Aim of the task: Search the data below for "style"; list each line that holds it.

[Items listed in a dataset]

◇ ◇ ◇ ◇ ◇ ◇ ◇

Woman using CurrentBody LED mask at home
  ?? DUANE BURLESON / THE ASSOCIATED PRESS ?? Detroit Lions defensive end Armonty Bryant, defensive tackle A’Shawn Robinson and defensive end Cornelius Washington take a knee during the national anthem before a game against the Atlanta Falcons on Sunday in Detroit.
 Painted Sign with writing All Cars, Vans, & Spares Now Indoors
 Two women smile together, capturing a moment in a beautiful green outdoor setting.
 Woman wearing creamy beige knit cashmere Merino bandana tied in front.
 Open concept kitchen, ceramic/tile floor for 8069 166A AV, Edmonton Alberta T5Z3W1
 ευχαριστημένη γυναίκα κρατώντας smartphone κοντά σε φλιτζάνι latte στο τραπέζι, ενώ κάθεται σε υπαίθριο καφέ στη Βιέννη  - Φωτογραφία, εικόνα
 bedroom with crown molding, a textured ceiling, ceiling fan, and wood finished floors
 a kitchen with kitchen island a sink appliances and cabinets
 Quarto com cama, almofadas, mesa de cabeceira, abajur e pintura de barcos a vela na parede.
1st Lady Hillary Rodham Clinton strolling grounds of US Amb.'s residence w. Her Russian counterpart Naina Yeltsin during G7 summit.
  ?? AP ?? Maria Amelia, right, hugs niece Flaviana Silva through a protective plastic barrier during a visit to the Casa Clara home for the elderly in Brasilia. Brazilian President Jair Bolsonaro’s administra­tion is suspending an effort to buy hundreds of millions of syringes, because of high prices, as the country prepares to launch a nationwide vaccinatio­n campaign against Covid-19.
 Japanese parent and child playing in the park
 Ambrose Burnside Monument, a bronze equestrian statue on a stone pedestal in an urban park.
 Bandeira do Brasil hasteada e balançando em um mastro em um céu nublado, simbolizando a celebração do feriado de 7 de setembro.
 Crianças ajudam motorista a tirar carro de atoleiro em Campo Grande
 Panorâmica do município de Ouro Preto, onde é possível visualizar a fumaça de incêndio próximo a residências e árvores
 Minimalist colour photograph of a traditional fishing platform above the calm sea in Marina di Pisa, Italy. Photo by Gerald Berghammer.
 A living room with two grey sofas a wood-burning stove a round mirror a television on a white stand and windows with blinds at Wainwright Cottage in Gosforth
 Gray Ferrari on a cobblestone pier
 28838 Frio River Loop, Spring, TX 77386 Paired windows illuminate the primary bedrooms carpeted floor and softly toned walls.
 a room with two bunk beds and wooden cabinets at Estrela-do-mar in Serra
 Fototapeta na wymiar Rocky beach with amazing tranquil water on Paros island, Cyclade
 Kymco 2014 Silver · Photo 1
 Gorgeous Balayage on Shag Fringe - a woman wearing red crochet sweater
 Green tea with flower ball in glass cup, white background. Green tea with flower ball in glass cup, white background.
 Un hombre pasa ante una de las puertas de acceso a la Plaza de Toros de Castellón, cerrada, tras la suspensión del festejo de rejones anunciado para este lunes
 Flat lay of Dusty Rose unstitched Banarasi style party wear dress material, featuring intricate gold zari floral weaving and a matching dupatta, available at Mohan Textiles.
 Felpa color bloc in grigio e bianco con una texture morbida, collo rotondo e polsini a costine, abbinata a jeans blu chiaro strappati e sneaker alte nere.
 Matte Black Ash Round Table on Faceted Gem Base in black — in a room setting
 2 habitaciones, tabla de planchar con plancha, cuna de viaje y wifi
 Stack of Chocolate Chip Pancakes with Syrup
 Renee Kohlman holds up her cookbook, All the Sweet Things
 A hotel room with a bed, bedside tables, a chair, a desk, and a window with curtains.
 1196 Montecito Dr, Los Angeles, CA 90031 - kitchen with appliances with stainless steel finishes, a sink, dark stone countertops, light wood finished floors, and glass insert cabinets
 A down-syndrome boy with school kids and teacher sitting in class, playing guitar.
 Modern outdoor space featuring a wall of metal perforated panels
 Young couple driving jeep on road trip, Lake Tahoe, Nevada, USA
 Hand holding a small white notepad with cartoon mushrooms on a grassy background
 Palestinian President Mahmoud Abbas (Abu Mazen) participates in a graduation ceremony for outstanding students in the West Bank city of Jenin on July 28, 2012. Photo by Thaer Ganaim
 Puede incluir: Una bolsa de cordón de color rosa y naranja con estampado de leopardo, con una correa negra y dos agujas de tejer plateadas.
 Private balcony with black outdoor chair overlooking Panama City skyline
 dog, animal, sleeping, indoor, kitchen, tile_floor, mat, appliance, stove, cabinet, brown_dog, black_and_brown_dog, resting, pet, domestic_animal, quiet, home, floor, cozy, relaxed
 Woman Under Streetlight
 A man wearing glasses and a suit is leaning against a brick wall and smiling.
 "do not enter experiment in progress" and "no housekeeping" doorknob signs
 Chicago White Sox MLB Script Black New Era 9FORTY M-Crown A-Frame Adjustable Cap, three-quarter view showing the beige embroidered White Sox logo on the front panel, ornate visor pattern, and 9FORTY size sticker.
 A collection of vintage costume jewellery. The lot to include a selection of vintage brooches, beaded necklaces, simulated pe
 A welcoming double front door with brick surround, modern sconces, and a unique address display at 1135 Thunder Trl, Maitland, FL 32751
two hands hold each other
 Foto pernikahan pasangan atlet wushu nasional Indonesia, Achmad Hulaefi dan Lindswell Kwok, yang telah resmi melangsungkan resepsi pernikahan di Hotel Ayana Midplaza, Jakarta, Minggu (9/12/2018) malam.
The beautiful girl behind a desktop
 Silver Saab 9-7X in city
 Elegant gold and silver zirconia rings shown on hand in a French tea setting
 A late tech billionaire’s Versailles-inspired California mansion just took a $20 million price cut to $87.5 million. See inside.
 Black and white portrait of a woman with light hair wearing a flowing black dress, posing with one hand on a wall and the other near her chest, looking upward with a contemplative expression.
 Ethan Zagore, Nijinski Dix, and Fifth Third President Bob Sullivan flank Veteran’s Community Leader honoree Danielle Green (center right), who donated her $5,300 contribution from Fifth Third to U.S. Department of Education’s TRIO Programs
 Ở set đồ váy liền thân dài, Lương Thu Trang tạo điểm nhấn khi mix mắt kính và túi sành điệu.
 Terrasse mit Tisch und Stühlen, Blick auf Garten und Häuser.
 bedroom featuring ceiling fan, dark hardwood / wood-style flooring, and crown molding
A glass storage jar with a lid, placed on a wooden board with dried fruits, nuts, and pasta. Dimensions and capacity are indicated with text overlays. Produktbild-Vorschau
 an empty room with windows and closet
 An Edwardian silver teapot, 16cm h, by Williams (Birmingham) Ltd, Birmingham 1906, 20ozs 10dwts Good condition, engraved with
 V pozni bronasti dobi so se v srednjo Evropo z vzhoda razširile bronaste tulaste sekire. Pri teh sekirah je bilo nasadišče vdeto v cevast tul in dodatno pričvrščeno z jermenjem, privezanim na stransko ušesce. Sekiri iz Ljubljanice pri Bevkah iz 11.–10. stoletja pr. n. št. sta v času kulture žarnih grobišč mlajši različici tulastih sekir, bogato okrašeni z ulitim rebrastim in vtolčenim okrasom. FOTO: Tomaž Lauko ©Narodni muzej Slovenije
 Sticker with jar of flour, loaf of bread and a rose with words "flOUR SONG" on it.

◇ ◇ ◇ ◇ ◇ ◇ ◇

Solution:
 Flat lay of Dusty Rose unstitched Banarasi style party wear dress material, featuring intricate gold zari floral weaving and a matching dupatta, available at Mohan Textiles.
 bedroom featuring ceiling fan, dark hardwood / wood-style flooring, and crown molding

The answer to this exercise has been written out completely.